The cuts will include some 12,500 jobs associated with the Nokia unit — nearly half of the 28,000 employees Microsoft brought on board in April through the acquisition.
When the cuts are complete, the company will still have about 10,000 employees from the Nokia acquisition, bringing its overall headcount to 109,000.
In a public email to employees, CEO Satya Nadella said the changes were needed for the company to "become more agile and move faster." The move also pushes Nokia to focus solely on the Windows Phone operating system.
Nadella is clearly backing away from former CEO Steve Ballmer's strategy of getting Microsoft to make its own smartphones and tablets.
"He's making a pretty serious game-changing strategy move away from hardware," said Michael Turits, managing director of equity research for financial services company Raymond James & Associates.
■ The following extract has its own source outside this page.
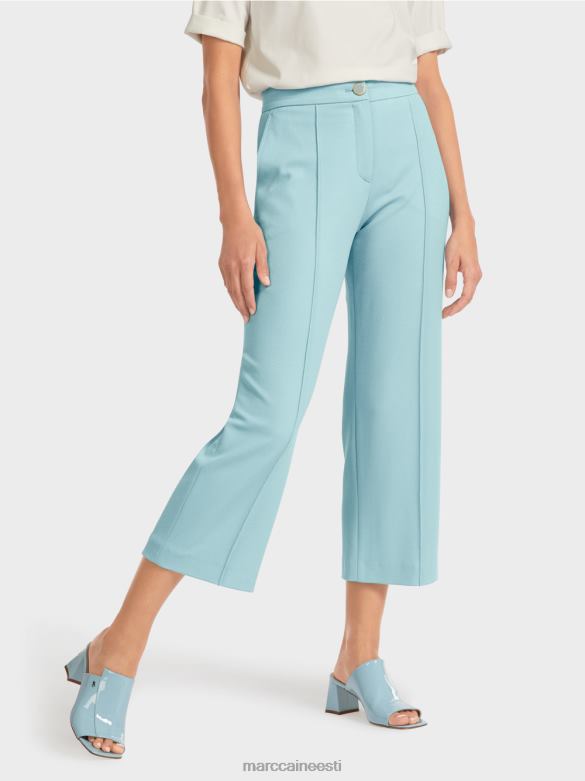 Marc Cain Riietus laia säärega püksid J8DT733 atmosfääri sinine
Nadella indicated that Microsoft will largely abandon low-price Nokia Asha phones — which work on their own non-Windows operating system — and reverse a strategically questionable move by Nokia in February to launch a line of phones called "X'' that supported rival Google Inc.'s Android platform.
"To win in the higher price tiers, we will focus on breakthrough innovation that expresses and enlivens Microsoft's digital work and digital life experiences," Nadella said in the memo.
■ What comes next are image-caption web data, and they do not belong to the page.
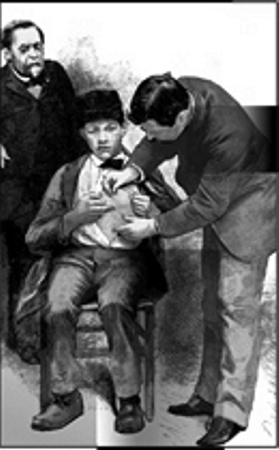 Louis Pasteur y Joseph Meister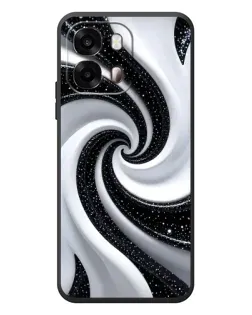 Чехол для OPPO A6s с картинкой «Черно-белая спираль»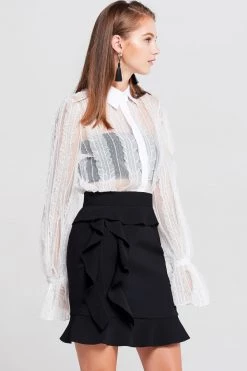 STORETS SALE Shailene Ruffle Mini Skirt CLOTHING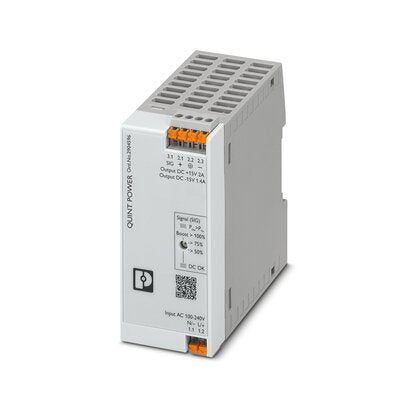 PHOENIX CONTACT 2904596-QUINT4-PS/1AC/2X15DC/2/PT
Some 1,350 Seattle-area workers around Microsoft's Redmond, Washington, headquarters were laid off Thursday, as were 1,800 workers in Hungary and nearly 370 in San Diego. The Nokia cuts include 1,100 jobs in Finland.
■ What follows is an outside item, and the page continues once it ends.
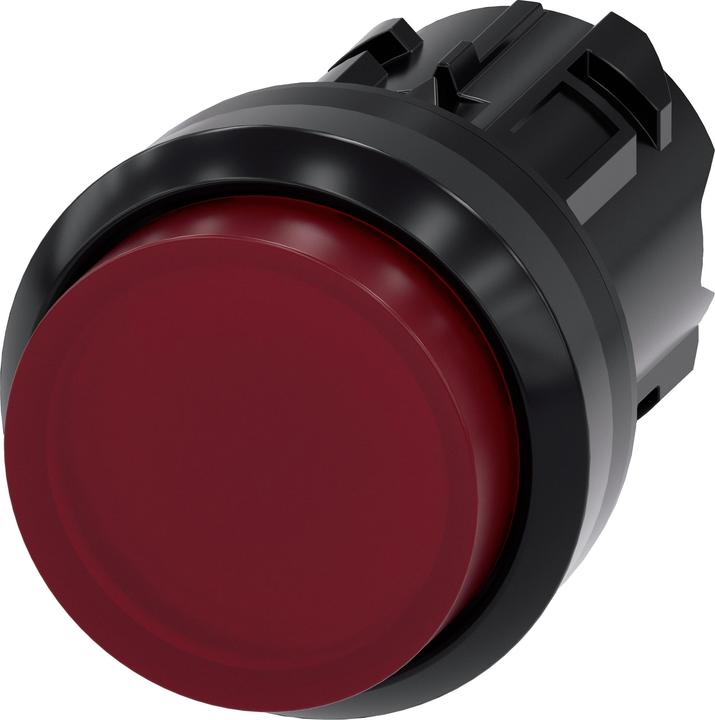 Actual product image Siemens Pushbutton front 1f rt bel.b Ř22mm rnd 3SU1001-0BB20-0AA0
In addition, the company is closing its Xbox Entertainment Studios, a 2-year-old venture based in Santa Monica, California, that produced original video content but was seen as separate from Microsoft's core business.
Microsoft Corp. expects charges of $1.1 billion to $1.6 billion over the next four quarters, largely for severance payments. The move puts the company on track to meet the target it set in September, when it announced the Nokia purchase, of saving $600 million in annual costs within 18 months after the deal closed. Ballmer announced the Nokia deal a month after he said he was resigning.
FBR Capital Markets analyst Daniel Ives said the cuts were about double what Wall Street was expecting.
"Microsoft needs to be a leaner and meaner technology giant over the coming years in order to strike the right balance of growth and profitability around its cloud and mobile endeavors," he said.
The move dwarfs Microsoft's previous biggest job cut, when it eliminated about 5,800 jobs in 2009. That was the company's first widespread layoff.
Microsoft has been shifting its focus from traditional PC software to cloud computing and cloud-based products like its Office 365 productivity software that can operate on mobile devices.
With its $7.3 billion acquisition of Nokia's cellphone business, Microsoft had sought to meld its software and hardware business into a cohesive package, similar to rival Apple.
But investors had lingering doubts about the strategy, especially because the two brands' market share in smartphones and tablets was so far behind Apple and Samsung. According to the latest financials, the Surface and Nokia device units are both losing money.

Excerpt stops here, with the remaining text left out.